Who is responsible for your happiness? Many people are seeking to find validation, fulfillment, and happiness from outside of themselves. From others or from what they do or what they have materialistically. Just who is responsible for your happiness? Have you ever asked yourself that question? Or, is it possible that in your experience of unhappiness or a lack of happiness that you find places to hang the hat of that unhappiness? Do you think you are unhappy because of what someone else said or did? Are you unhappy because you can’t buy the latest in thing that you really want? Stop and think about this, is your happiness dependent upon someone or something else?
Do you ever just sit still – still with yourself in a quiet environment with no distraction in a state of simply being you? Would you know what that would be like for you? Does that sound rather daunting or intimidating? Do you have the feeling that you would find this very uncomfortable?
Many people believe that they are unhappy because someone else said this or that or someone else didn’t understand them or validate them or agree with them. Many believe that their happiness is directly tied to the emotions that are felt in reaction to others. That is a way of actually abdicating your responsibility for your own happiness.
To choose to believe that others have that much control, any control really, over whether you are happy or not, is to set yourself up to stay stuck in an unhappy, frustrated, and/or angry state of mind.
In life, we are either learning, growing and/or evolving – or we are protecting. It is not possible to do both learn and protect at the same time. Protection comes from a victim mindset. Protection blocks learning. Protection blocks your ability to create, fulfill and experience your own happiness.
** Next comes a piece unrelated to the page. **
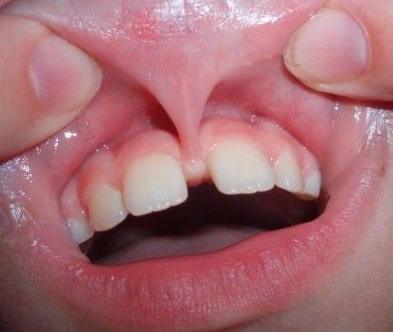 Mức độ 4: thắng môi vượt qua mỏm ổ răng bám vào niêm mạc lợi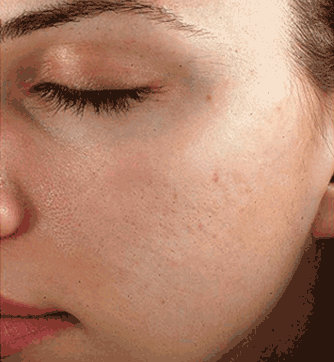 acne scars after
Have you taken responsibility for your own happiness? What is the first thing that comes to your mind when you read that you are responsible for your own happiness? Check in with yourself, honestly. Do you still think or believe that you may be feeling unhappy because of someone else? If so, how can you challenge that thought, that belief? Do you understand, on an emotional level, that you will need to change that belief in order to take responsibility for your own happiness?